One didn’t like that and took off. The other didn’t seem to mind so much.

Debbie Granat and her daughter pulled up on the side of the road and I wandered over to talk. Her husband Larry started the Facebook page The Kendall County Bird Page and I rely on him for all things eagles in this stretch of the river. One of these days I’ll have a better camera and I can quit asking him for eagle images. Or, I’ll never tell him I got a better camera, keep borrowing eagle images and give him the publicity he deserves.

That sounds better.

After they left I turned around and the skittish eagle was back. I tried stalking up to them again, and again the skittish one took off. Decided to leave them alone and head downstream.

Off on the island was another eagle. In that short period of time, more geese were coming down to the river and a couple of hundred of them were circling the area.

I live about 80 feet away from a pretty heavily wooded ravine. I walked along the top of the bluff, heading for the mouth of the ravine. The tracks of deer, squirrels and what I assume are either coyote or fox were all using the ravine like a highway. I tracked them to the top of the bluff overlooking the ravine.

On a good day wandering down the steep slope of the bluff is a no brainer. Conditions did not make this a good day. All I could imagine was gravity taking over and suddenly finding myself in a heap at the bottom. The tracks being seen were all old, I convinced myself. No point wandering down there.

A juvenile bald eagle drifted overhead and landed in a tree a hundred feet away. This one was on to me, it took off long before I could get any closer.

In that short time, hundreds more geese had arrived. The honking was starting to echo down the river valley. The only ducks I can recognize from a distance are mallards, but I can see that others are different even if I can’t identify them. I saw a couple of other different types of ducks mixed in with all the other waterfowl.

The other day while out shoveling snow at sunset I stopped counting the geese flying overhead when I got to 500. Today, the geese weren’t coming in from north or south. The bulk of them were coming straight down the river out of the west.
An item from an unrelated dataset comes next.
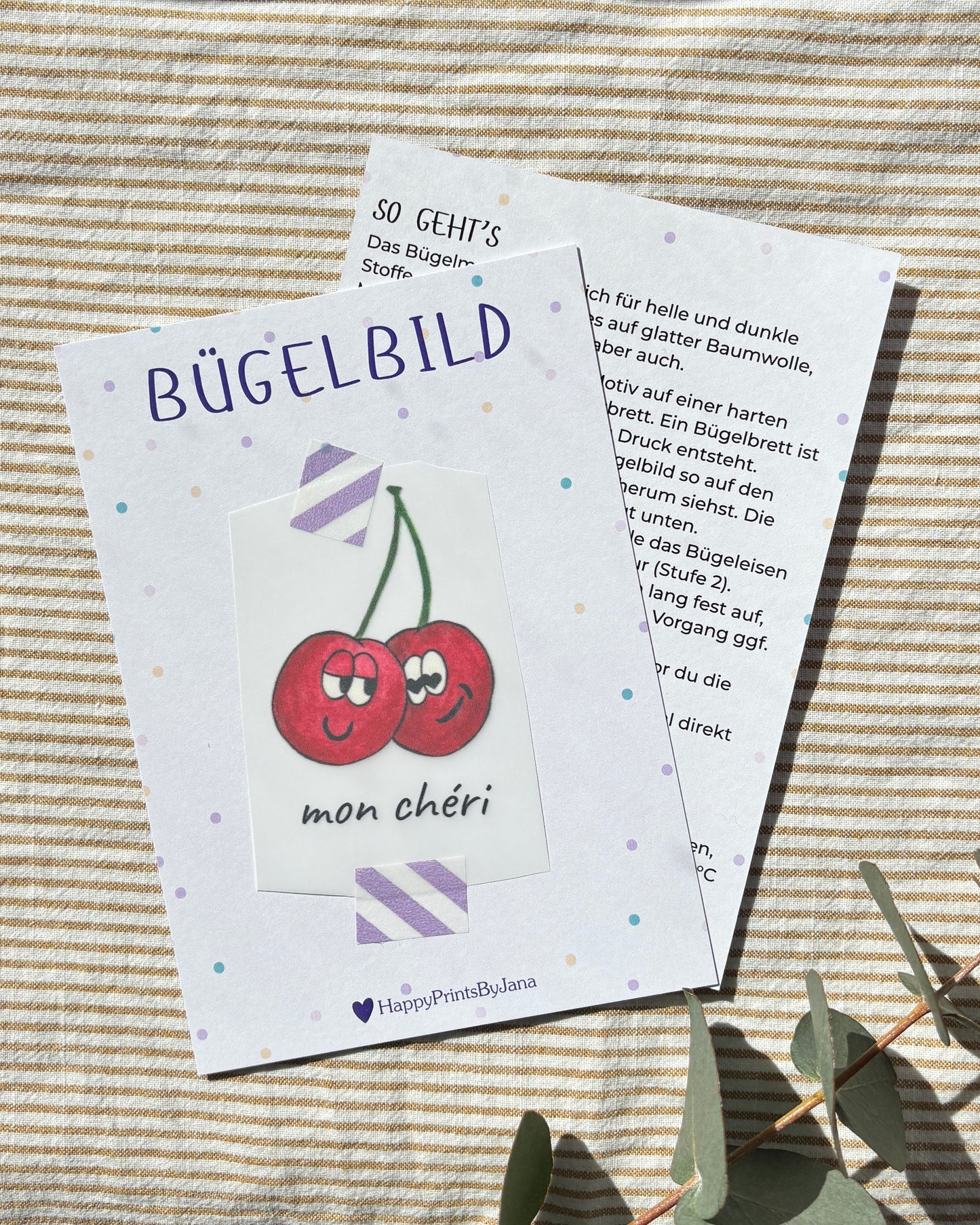Bügelbild mit Kirschen "mon cheri" - Stylishes Bügelpatch zum Aufbügeln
This is what I’m going to miss when I move at the end of the month, that ability to wander down a hill and see such a variety of wildlife. Granted, I’ll still be living two blocks from the river, but it’s slightly more urban. There will still be plenty of geese and ducks around, but for the deer and coyote and the bulk of the eagles I’ll have to walk a good half mile downstream.

Maybe a little less.

I’ll try to think of that as a motivating factor, hiking that extra half mile.

I could use the exercise.


It’s 7 PM and I just came in from wandering around while smoking a cheap cigar. It has to be about 30 degrees out there, no wind, the snow is falling straight down and the neighborhood is dead quiet.
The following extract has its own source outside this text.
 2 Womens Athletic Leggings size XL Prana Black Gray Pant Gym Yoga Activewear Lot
Down on the river a few geese were honking and at the mouth of the ravine, coyotes were howling.

Blackberry Creek Dam Removal Update, Wrap it Up

To play catch up, you can read the past progress reports here.

As far as I’m concerned, the removal of the 175 year old, nearly 8 foot tall dam near the mouth of Blackberry Creek was a raging success.
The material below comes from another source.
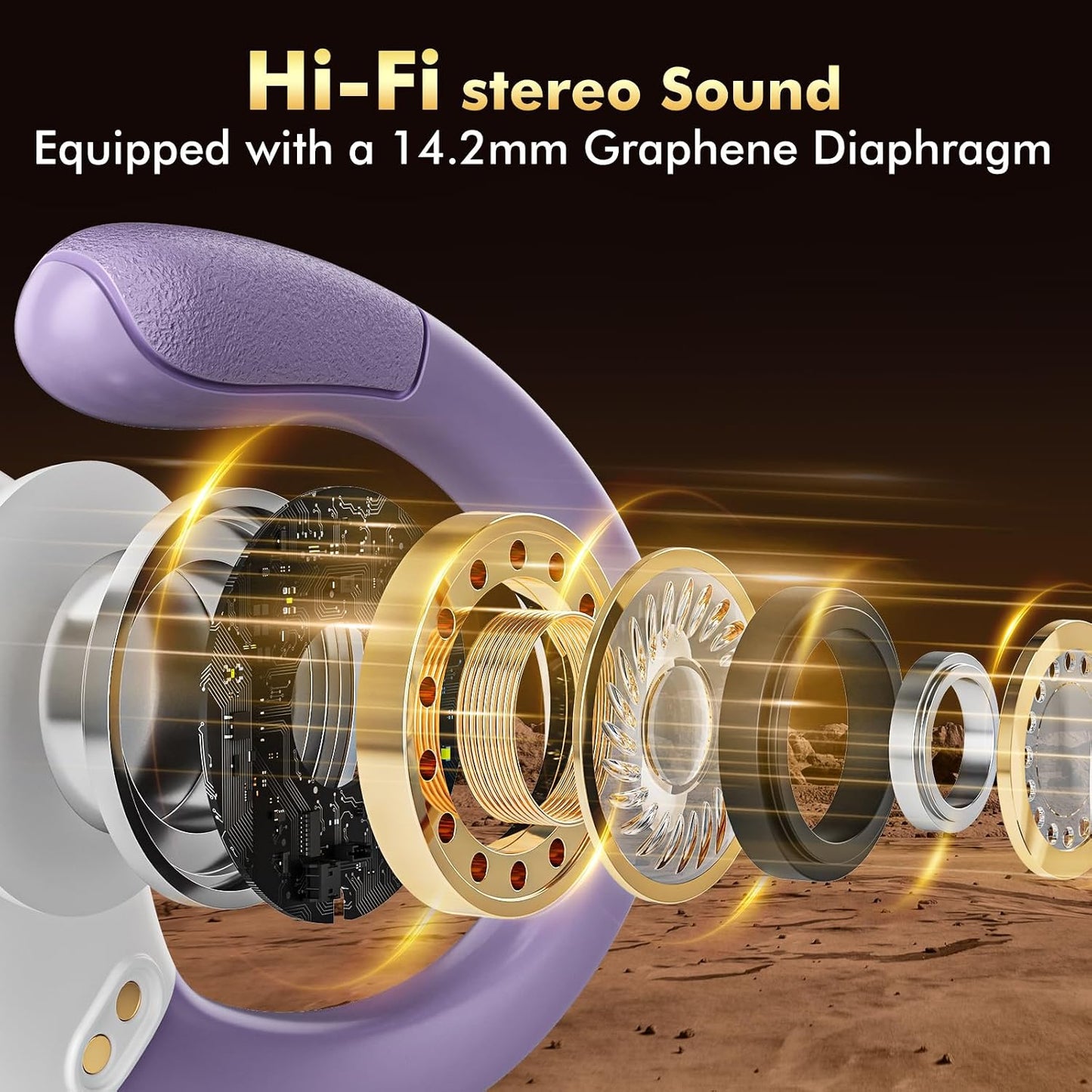 HAOYUYAN Wireless Earbuds, Sports Bluetooth Headphones, 80Hrs Playtime Ear Buds with LED Power Display, Noise Canceling Headset, IPX7 Waterproof Earphones for Workout/Running (Purple)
I gauge this primarily on the migration of smallmouth bass up the creek, of which there were hundreds. But numerous other species of fish were also caught far up the creek this past year. It’s hard to tell if those species were already in the creek, most likely, but I have no doubt quite a few new fish found there way up stream. One of the ones I was surprised at was the longnose gar. Never saw one beyond the base of the removed dam, but there’s no reason why they shouldn’t be able to make it further inland.

Only time will tell.

If you look through the list of posts made in the link at the top, there’s a gap in what I had been putting up. There were two reasons for that. First, by the first week of July it had pretty much quit raining and the creek kept dropping. Second, when this happens I don’t like to go out and pound the hell out of fish that are sitting in diminishing pools of water.

Now and then I would head over to the creek mainly to see if any progress was being made in restoring the area of the removal back to something a little more natural. You’ll see some of those photo’s below. For about seven weeks I didn’t bother going over to the creek at all. Low water and it was basically like watching grass grow at this point. As you’ll see, it was exactly like watching grass grow.

So to start, on July 7th I wandered to the creek:

When they put in all the rock, they threw down a considerable amount of seed in and above the rocks. It was coming in pretty thick.

A number of nice sized trees were planted.

A large area was covered in grass seed. Problem was, and how do you plan for it, this is when it pretty much stopped raining for a few weeks.

Another long stretch of rocks had grass coming in pretty strong above it.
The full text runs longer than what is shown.